DATASET RECORDS:
##########

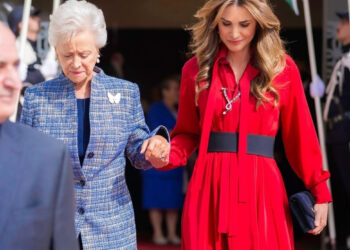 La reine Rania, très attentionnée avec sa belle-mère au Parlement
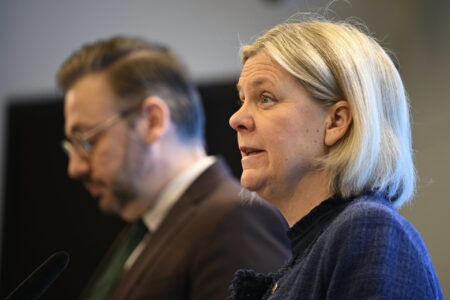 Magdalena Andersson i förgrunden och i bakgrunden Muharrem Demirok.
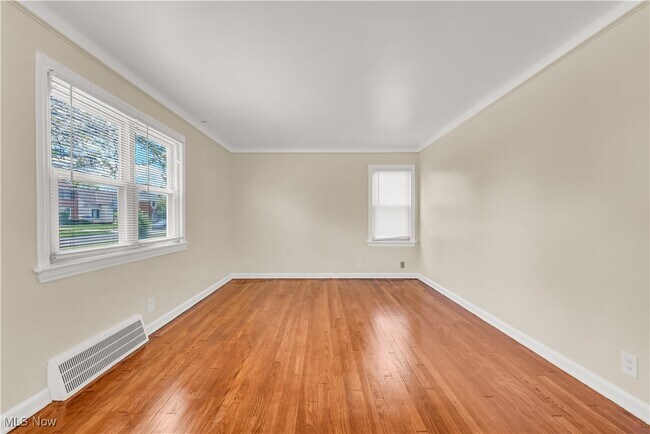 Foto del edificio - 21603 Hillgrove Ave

##########

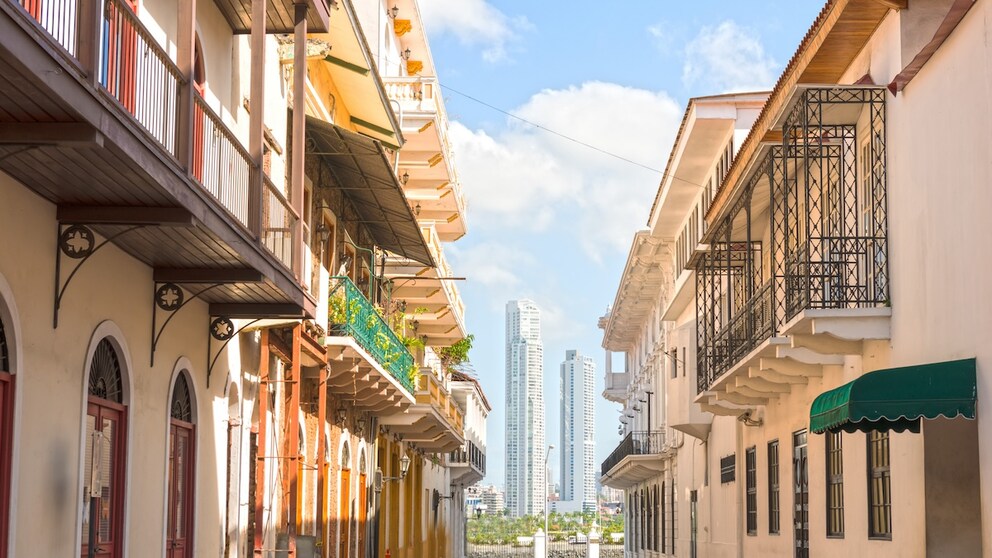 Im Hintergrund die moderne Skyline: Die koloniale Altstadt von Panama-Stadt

##########

EXERCISE DETAILS: Above, find the line holding "La reine Rania, très" and the line holding "Foto del edificio - 21603 Hillgrove Ave". Print exactly those two lines and every line between them, but no pictures.

FINISHED EXERCISE:
 La reine Rania, très attentionnée avec sa belle-mère au Parlement
 Magdalena Andersson i förgrunden och i bakgrunden Muharrem Demirok.
 Foto del edificio - 21603 Hillgrove Ave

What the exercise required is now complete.